## Your task:
Copy every line of the data exactly, keeping out any picture.

## Dataset entries:

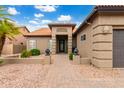 Front entry with walkway and landscaping at 25037 S Ribbonwood Dr, Sun Lakes, AZ 85248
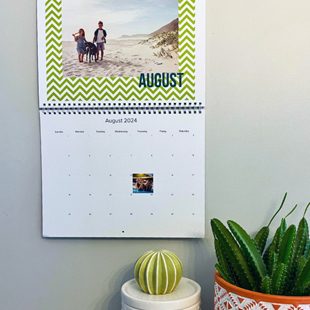 Open calendar hung up on the wall featuring a photo of two children and a dog with the text 'August' underneath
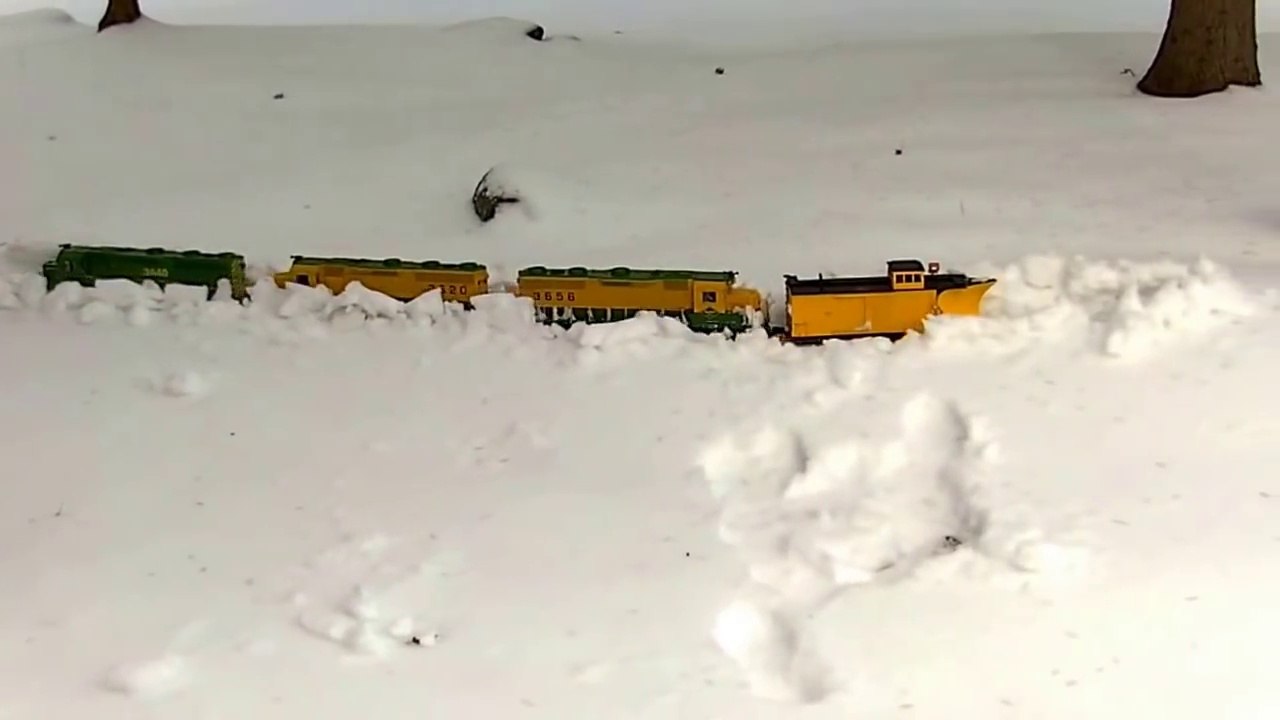 Un train miniature roule dans la neige dans le jardin !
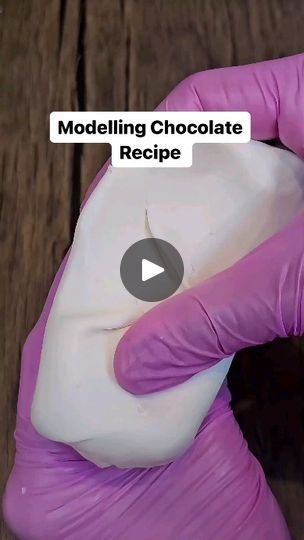 a person in purple gloves holding a white bag with the word modeling chocolate recipe on it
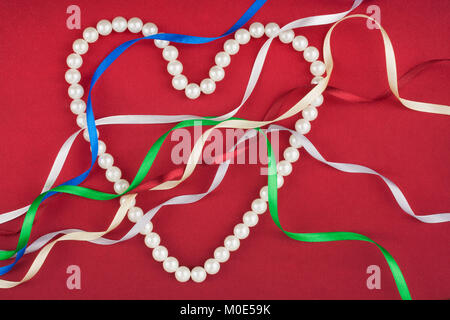 Beads in the form of heart and multi-colored satin ribbons. The concept for Valentine's Day Stock Photo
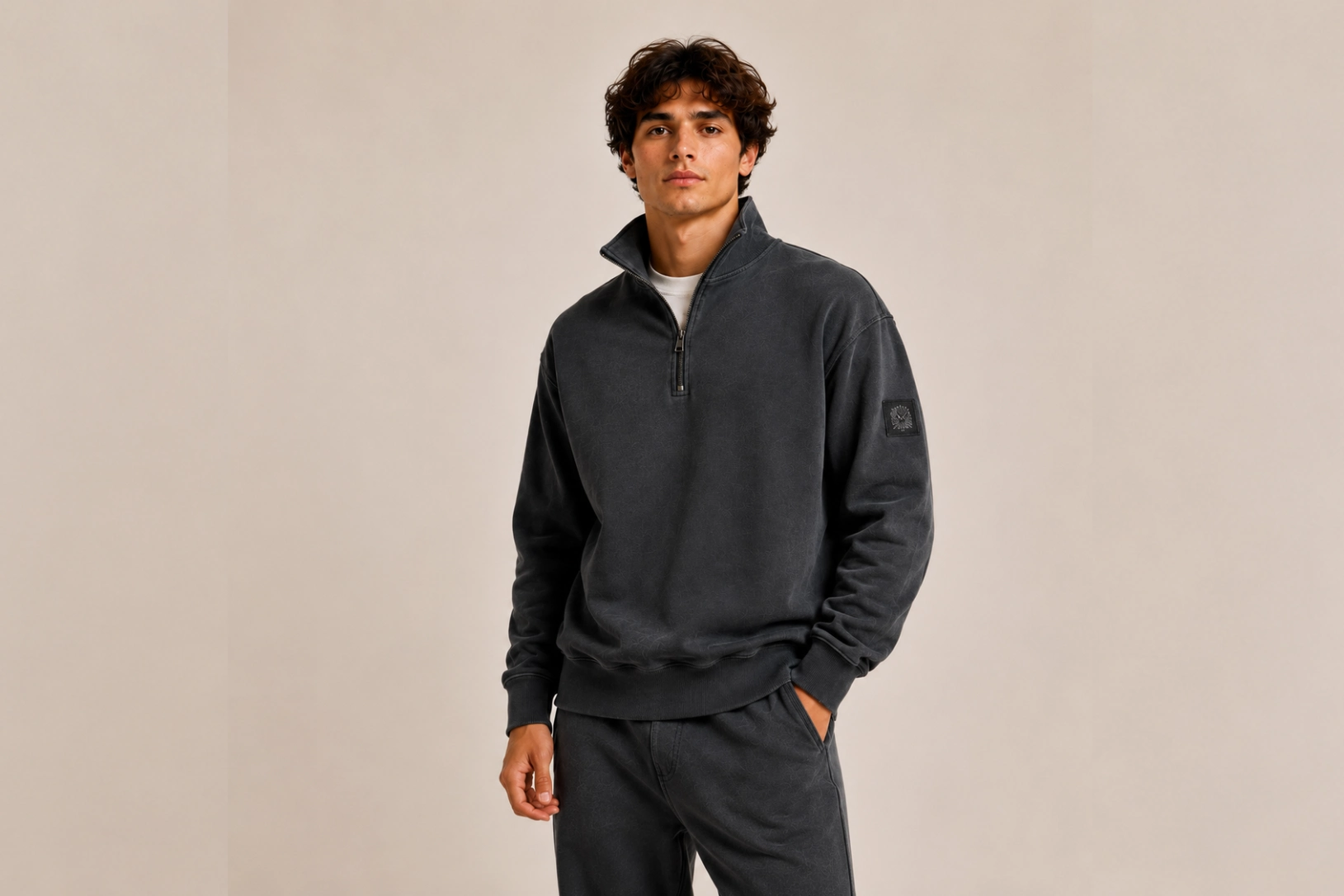 Man wearing a dark gray fleece pullover with a zip collar, standing against a beige backdrop.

## Problem solution:
 Front entry with walkway and landscaping at 25037 S Ribbonwood Dr, Sun Lakes, AZ 85248
 Open calendar hung up on the wall featuring a photo of two children and a dog with the text 'August' underneath
 Un train miniature roule dans la neige dans le jardin !
 a person in purple gloves holding a white bag with the word modeling chocolate recipe on it
 Beads in the form of heart and multi-colored satin ribbons. The concept for Valentine's Day Stock Photo
 Man wearing a dark gray fleece pullover with a zip collar, standing against a beige backdrop.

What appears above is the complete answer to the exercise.